» DATA SHOWN:
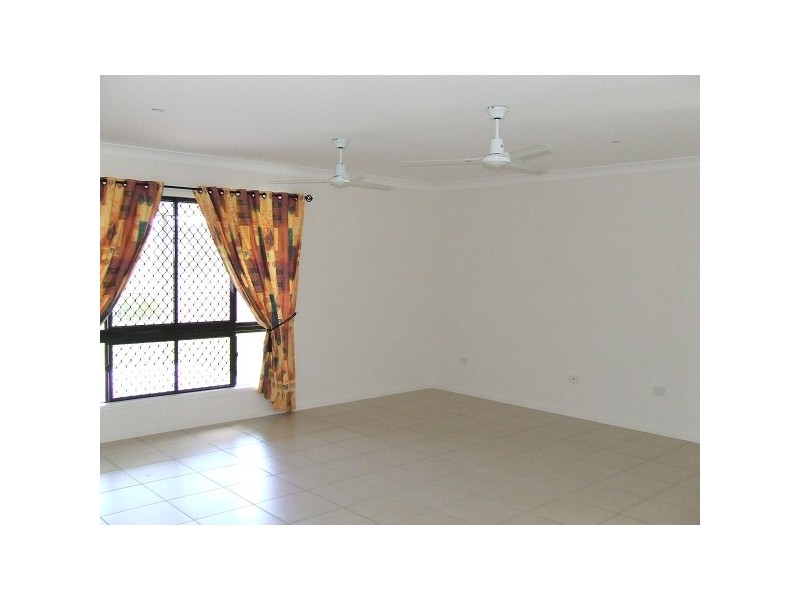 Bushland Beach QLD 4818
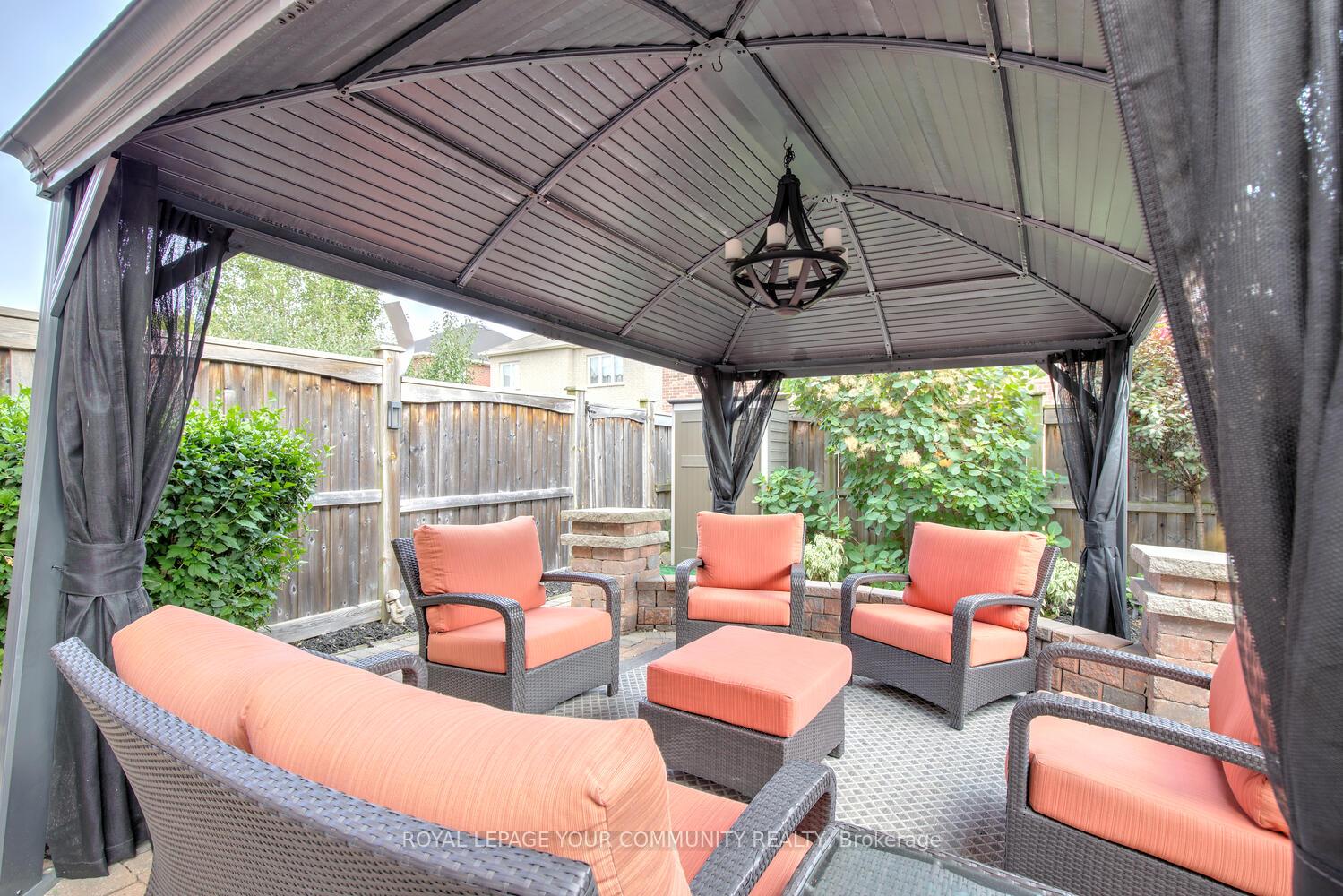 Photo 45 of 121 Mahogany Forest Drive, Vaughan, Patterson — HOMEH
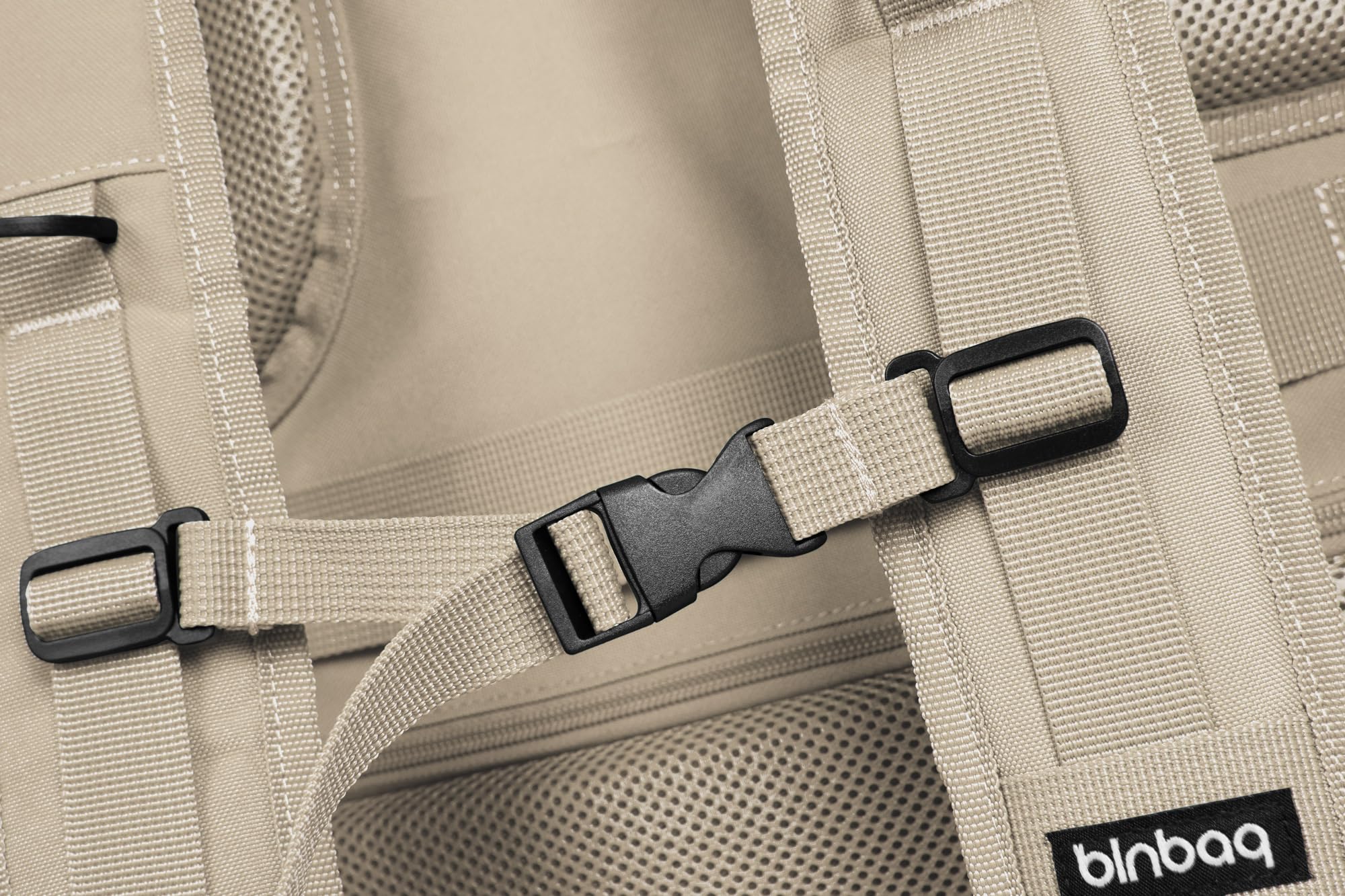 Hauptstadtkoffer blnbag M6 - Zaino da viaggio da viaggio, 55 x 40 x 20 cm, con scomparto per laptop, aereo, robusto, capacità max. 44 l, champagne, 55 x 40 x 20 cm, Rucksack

» WHAT YOU NEED TO DO: Would you please set down the listing above exactly, minus its images?

» TASK ANSWER:
 Bushland Beach QLD 4818
 Photo 45 of 121 Mahogany Forest Drive, Vaughan, Patterson — HOMEH
 Hauptstadtkoffer blnbag M6 - Zaino da viaggio da viaggio, 55 x 40 x 20 cm, con scomparto per laptop, aereo, robusto, capacità max. 44 l, champagne, 55 x 40 x 20 cm, Rucksack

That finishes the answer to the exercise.